So the SNP have failed in their bid to secure fair representation (or indeed any representation) in tomorrow's final leaders' debate, but if anyone had lingering concerns that the decision to take legal action was a tactical error, I'd suggest the considerable publicity generated over the last thirty-six hours or so ought to dispel them. In a sense what this has all been about is simply reminding people that the SNP do actually exist and are an option in this election - that may sound a silly point, but given the obscene disparity of coverage fuelled by the rigged debates, there are a lot of people for whom the SNP haven't registered on the radar yet. I'm not necessarily suggesting that what has happened will be sufficient to help the Nationalists close the gap that appears to have opened up in the polls with the Liberal Democrats, but I wouldn't be at all surprised if it's been worth an extra 1% or so in the popular vote. If so, it's been well worthwhile - as the Tesco evil empire would have it, every little helps.
The main reason I always thought it was so important that this matter be tested in court is that the format of the leaders' debates isn't just a one-off issue for this election alone - it sets a precedent for all future Westminster elections. Tragically (and it genuinely is tragic for the democratic process, not just for the SNP and Plaid) that precedent will now stand. Crucially, however, the spurious rationale the broadcasters and London parties have put forward for the debates as constituted will also now stand, and I'd suggest - ironically - that provides the nationalist parties with a considerable opportunity for the next general election, assuming plans are put in place well in advance. Alex Salmond has mused a number of times over the last few weeks that perhaps the SNP and Plaid should put up candidates in England to gain access to the debates - he seemed to be saying it facetiously, but if that really is all that's required, and there are now four or five years to organise things, why not? The main obstacle would of course be financial, but the events of the last few days have shown how generous small donors to the SNP can be when there's the clear incentive of righting the wrong of this democratic outrage.

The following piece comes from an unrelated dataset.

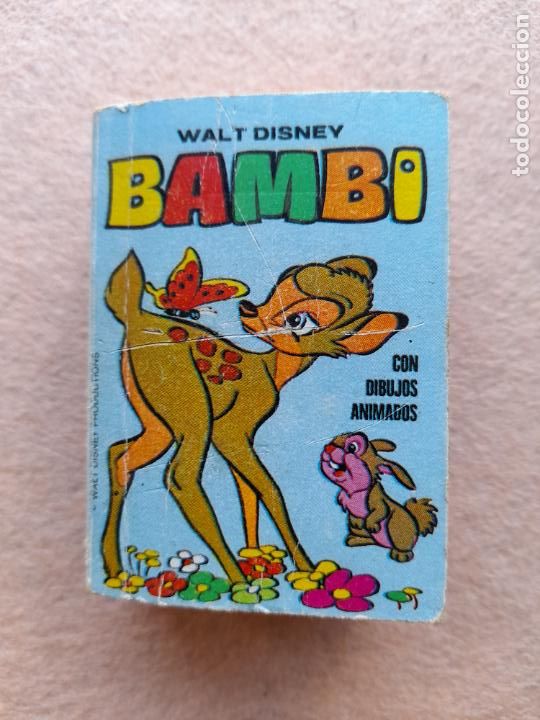 Libros de segunda mano: Mini Cuento de Walt Disney. Bambi. A&ntilde;o 1987. - Foto 1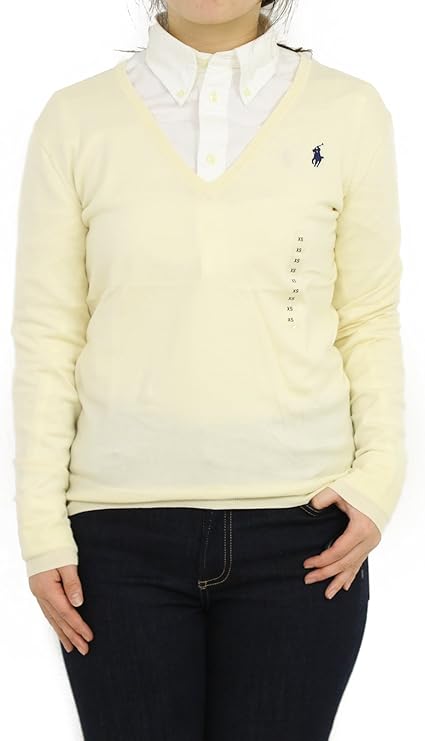 POLO RALPH LAUREN Vネック ロング スウェットワンピース 71Sa7LsL4xL._AC_SY741_.jpg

So how much would it cost to stand in all 632 seats across Great Britain? (Note - it's not necessary to stand in Northern Ireland, as the broadcasters bizarrely seem to regard that as a complete irrelevance to the issue of who qualifies as a 'national UK' party.) Well, the SNP of course already routinely stand in all 59 Scottish constituencies, and Plaid Cymru in the 40 Welsh constituencies. The Cornish party Mebyon Kernow, allied to the SNP and Plaid at European level, would hopefully be keen to join the alliance. That brings us to 104 seats already, leaving 527 to be filled (according to convention the Speaker's constituency can be ignored). It would be ideal if there was a pre-existing English party, however small, to fill the breach, but as far as I can see there isn't one that fits the bill - the English Democrats have sometimes claimed to be an English equivalent to the SNP, but their right-wing chauvinism suggests otherwise. The stunt of standing candidates in Monmouthshire in the Welsh Assembly election (on the pledge to take the county back into England) said it all - can you imagine the reaction if the SNP made an explicit territorial claim on Berwick-upon-Tweed? The EDs are essentially just UKIP draped in a St George's Cross rather than the Union Jack.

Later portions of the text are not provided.